Deployments & StatefulSets
Pods are ephemeral — they can be killed, evicted, or rescheduled at any time. You never create pods directly in production. Instead, you use workload controllers that manage pods for you: Deployments for stateless applications, StatefulSets for stateful applications, DaemonSets for node-level agents, and Jobs for batch processing.
Deployments
A Deployment is the most common workload controller. It manages a set of identical pods, handles rolling updates, and supports rollback.
How Deployments Work
A Deployment does not manage pods directly. It manages ReplicaSets, which manage pods:
Deployment
│
├── ReplicaSet (revision 3, current) ── Pod, Pod, Pod
├── ReplicaSet (revision 2, old) ── (0 pods, scaled down)
└── ReplicaSet (revision 1, old) ── (0 pods, scaled down)When you update a Deployment, it creates a new ReplicaSet and gradually scales it up while scaling down the old ReplicaSet:
Time 0: RS-old (3 pods) RS-new (0 pods)
Time 1: RS-old (3 pods) RS-new (1 pod) ← new pod starts
Time 2: RS-old (2 pods) RS-new (1 pod) ← old pod terminates
Time 3: RS-old (2 pods) RS-new (2 pods) ← new pod starts
Time 4: RS-old (1 pod) RS-new (2 pods) ← old pod terminates
Time 5: RS-old (1 pod) RS-new (3 pods) ← new pod starts
Time 6: RS-old (0 pods) RS-new (3 pods) ← old pod terminates (done)Complete Deployment Manifest
apiVersion: apps/v1
kind: Deployment
metadata:
name: web-app
namespace: production
labels:
app: web-app
team: platform
annotations:
deployment.kubernetes.io/revision: "1"
spec:
replicas: 3
revisionHistoryLimit: 10 # Keep 10 old ReplicaSets for rollback
# How the Deployment selects pods to manage
selector:
matchLabels:
app: web-app
# Rolling update strategy
strategy:
type: RollingUpdate
rollingUpdate:
maxSurge: 1 # Allow 1 extra pod during update (4 total)
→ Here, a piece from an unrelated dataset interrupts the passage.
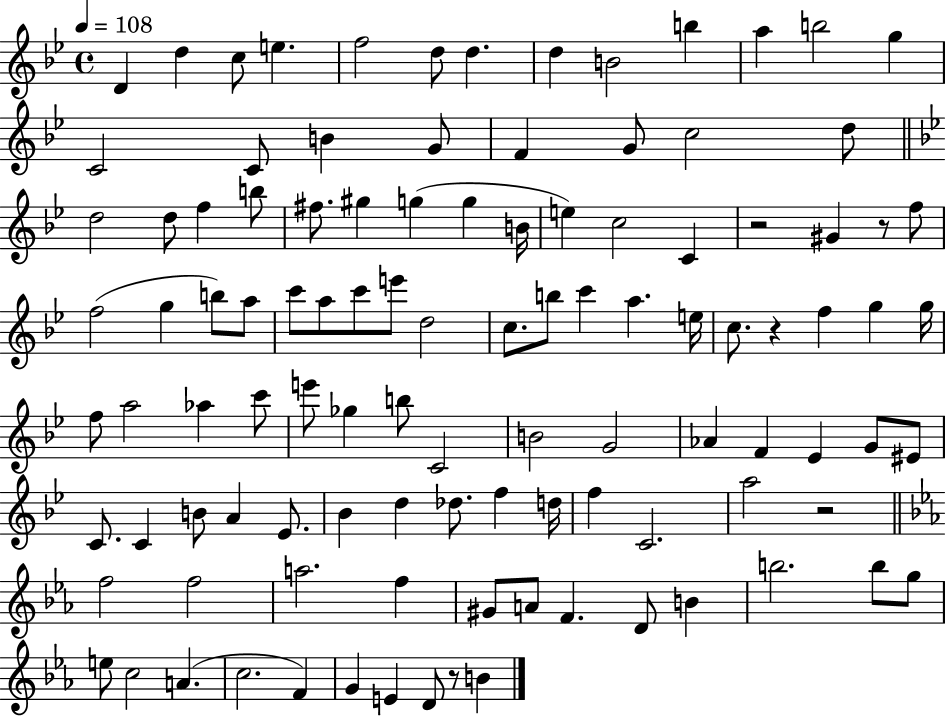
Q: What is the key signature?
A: BES major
maxUnavailable: 0 # Never have fewer than 3 ready pods
# Minimum time a pod must be ready before the rollout continues
minReadySeconds: 10
# How long to wait for a rollout to progress before considering it failed
progressDeadlineSeconds: 600 # 10 minutes
template:
metadata:
labels:
app: web-app
version: v1.2.3
annotations:
prometheus.io/scrape: "true"
prometheus.io/port: "9090"
spec:
serviceAccountName: web-app
terminationGracePeriodSeconds: 60
containers:
- name: app
image: my-app:v1.2.3
ports:
- containerPort: 3000
name: http
readinessProbe:
httpGet:
path: /ready
port: http
periodSeconds: 5
failureThreshold: 3
livenessProbe:
httpGet:
path: /healthz
port: http
initialDelaySeconds: 15
periodSeconds: 10
resources:
requests:
cpu: 100m
memory: 256Mi
limits:
memory: 512Mi
lifecycle:
preStop:
exec:
command: ["/bin/sh", "-c", "sleep 5"]Rolling Update Strategies
The maxSurge and maxUnavailable settings control the speed and safety of a rolling update:
maxSurge: 1, maxUnavailable: 0 (safest, slowest)
────────────────────────────────────────────
Always have at least 3 ready pods.
At most 4 pods exist at any time.
No capacity loss during deployment.
Use for: Production services where you cannot afford reduced capacity.
maxSurge: 0, maxUnavailable: 1 (no extra resources needed)
────────────────────────────────────────────
Always have at most 3 pods total.
At least 2 pods are ready at any time.
Saves resources but reduces capacity during deployment.
Use for: Resource-constrained clusters.
maxSurge: 25%, maxUnavailable: 25% (Kubernetes default, balanced)
────────────────────────────────────────────
For 10 replicas: at most 13 pods exist, at least 8 are ready.
Good balance of speed and safety.
Use for: Most production services with sufficient headroom.
maxSurge: 100%, maxUnavailable: 0 (fastest, most resources)
────────────────────────────────────────────
Creates all new pods before terminating old ones (blue-green style).
Requires double the resources temporarily.
Use for: When deployment speed matters and resources are available.Rollback
Kubernetes keeps old ReplicaSets (controlled by revisionHistoryLimit) so you can roll back:
# View rollout history
kubectl rollout history deployment/web-app
# View a specific revision
kubectl rollout history deployment/web-app --revision=3
# Roll back to the previous version
kubectl rollout undo deployment/web-app
# Roll back to a specific revision
kubectl rollout undo deployment/web-app --to-revision=2
# Check rollout status
kubectl rollout status deployment/web-app
# Pause a rollout (useful for canary-style manual checks)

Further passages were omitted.